When the bank branch where his parents have an account was brought under core banking, he started depositing money directly into their account. “The money gets credited to the account immediately and at zero cost,” says Rath.
Making the money reach your home (Graphic)
Open a joint account
The problem comes when branches don’t have the core banking facility. In such a case, you can either open a new account for your parents in a branch that has the facility, or you could open a joint account with one of your parents and give them a debit card to operate it. You should, however, remember that with a new account, the quarterly average balance has to be maintained. In private sector banks, this amount could be as high as Rs10,000. For public sector banks it is around Rs1,000.
A little help from friends
If you find it difficult to maintain the quarterly average balance or if your parents don’t want to operate a new account, you could also deposit the money in the account of a friend who is based in your hometown.
Alwin Horo, 24, an ITeS professional who lives in the NCR, tried depositing money from Gurgaon into his parents’ account, in Ranchi. “I stood in the queue for more than two hours. When my turn came, I was told that the time for depositing money in outstation accounts was over,” says Horo. Luckily, Horo has a Ranchi-based friend whose bank account is connected through core banking. Now, Horo deposits around Rs6,000 a month in his friend’s account for his parents. But, do keep in mind that this may increase your friend’s tax liability.

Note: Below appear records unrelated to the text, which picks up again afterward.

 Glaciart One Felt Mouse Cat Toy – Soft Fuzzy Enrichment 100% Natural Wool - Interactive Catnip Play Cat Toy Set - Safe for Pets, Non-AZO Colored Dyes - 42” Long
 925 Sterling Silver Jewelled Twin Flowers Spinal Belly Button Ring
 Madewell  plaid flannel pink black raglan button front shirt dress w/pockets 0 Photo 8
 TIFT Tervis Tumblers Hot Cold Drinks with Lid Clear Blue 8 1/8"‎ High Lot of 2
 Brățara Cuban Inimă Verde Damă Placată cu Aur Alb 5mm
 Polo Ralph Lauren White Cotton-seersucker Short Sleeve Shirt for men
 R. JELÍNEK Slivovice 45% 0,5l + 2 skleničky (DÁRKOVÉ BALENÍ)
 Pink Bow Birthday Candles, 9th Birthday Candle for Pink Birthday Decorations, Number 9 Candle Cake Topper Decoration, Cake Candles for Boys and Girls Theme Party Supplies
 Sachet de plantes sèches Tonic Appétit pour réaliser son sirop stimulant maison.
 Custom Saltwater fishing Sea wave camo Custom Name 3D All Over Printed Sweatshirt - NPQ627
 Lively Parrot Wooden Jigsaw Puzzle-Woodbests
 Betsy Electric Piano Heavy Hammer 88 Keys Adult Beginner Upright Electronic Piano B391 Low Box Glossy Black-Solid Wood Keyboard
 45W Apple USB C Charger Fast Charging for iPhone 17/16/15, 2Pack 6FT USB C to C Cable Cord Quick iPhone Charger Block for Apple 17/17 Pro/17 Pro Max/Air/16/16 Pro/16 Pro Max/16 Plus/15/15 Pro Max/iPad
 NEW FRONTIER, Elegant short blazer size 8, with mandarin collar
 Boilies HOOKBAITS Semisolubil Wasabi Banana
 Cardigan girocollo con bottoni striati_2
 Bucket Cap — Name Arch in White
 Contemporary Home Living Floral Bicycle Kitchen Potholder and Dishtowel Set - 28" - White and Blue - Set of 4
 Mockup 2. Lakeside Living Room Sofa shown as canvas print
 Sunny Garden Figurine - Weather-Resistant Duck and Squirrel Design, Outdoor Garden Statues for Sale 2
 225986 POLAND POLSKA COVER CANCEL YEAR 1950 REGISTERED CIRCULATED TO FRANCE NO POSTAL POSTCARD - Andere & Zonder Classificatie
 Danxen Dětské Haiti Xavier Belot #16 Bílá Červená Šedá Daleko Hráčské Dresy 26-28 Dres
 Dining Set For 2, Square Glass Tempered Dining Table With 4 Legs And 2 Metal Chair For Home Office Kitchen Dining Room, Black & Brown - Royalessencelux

Online transfers save you the time and effort of visiting the bank to deposit money. At present, around 80 financial institutions in India offer this facility. To transfer funds online, you need to opt for the net banking facility and register yourself for the third-party fund transfer facility. This facility enables you to transfer funds instantly. However, the time taken to credit the account will depend upon the time taken by the payee’s bank to process the payment.
Furthermore, you can transfer funds from your account to any other branch that offers this facility. Also, any transfer request made on a non-working day also gets presented to the Reserve Bank of India the very next working day. The best part, though, is that this facility is offered free of cost.
This was the good old way of sending money home. This option will still hold good if the branch with which your parents bank is not covered by core banking, and you aren’t as lucky as Horo.
But, there are certain disadvantages of going the DD way. Firstly, it is the cost. For example, you will have to pay up to Rs60 to make a DD for up to Rs5,000. Some banks do not charge for this facility if you have an account with them. Secondly, you’ll have to send the DD through courier or speed post, which is added cost. Also, once the draft is submitted, it takes a minimum of three working days for the funds to be transferred. Moreover, you also lose time standing in queues to get the draft made. Many banks have a dial-a-draft facility where you can call the bank and it will deliver the draft to you. This option is more expensive, and you will have to use your credit card to avail this facility.
Instant Money Order (iMO)
If you don’t have the time to get a DD made or to deposit money in your parents’ bank account, do an instant money order (iMO). With iMOs, you can transfer funds instantly to more than 600 post offices across India. You can find the list of post offices at India Post’s website www.indiapost.gov.in. You can transfer Rs1,000-50,000 from a designated iMO post office. The charges depend on the amount to be transferred. For example, transferring up to Rs5,000 costs Rs150; Rs300 for amounts between Rs45,001 and Rs50,000. In order to transfer money, you have to fill a “To Remit Payment” (TRP-1) form and submit it with the money. You will get a printed receipt with a computer generated confidential 16-digit iMO number.
Give this number to your parents. Your parents have to give this number at any designated iMO post office counter, fill up and submit a “To Make Payment” (TMP-1) form along with an identification proof. Payments below Rs20,000 have to be made in cash, and anything above, by cheque.
Your parents can also take the money from their post office savings account in the same iMO office.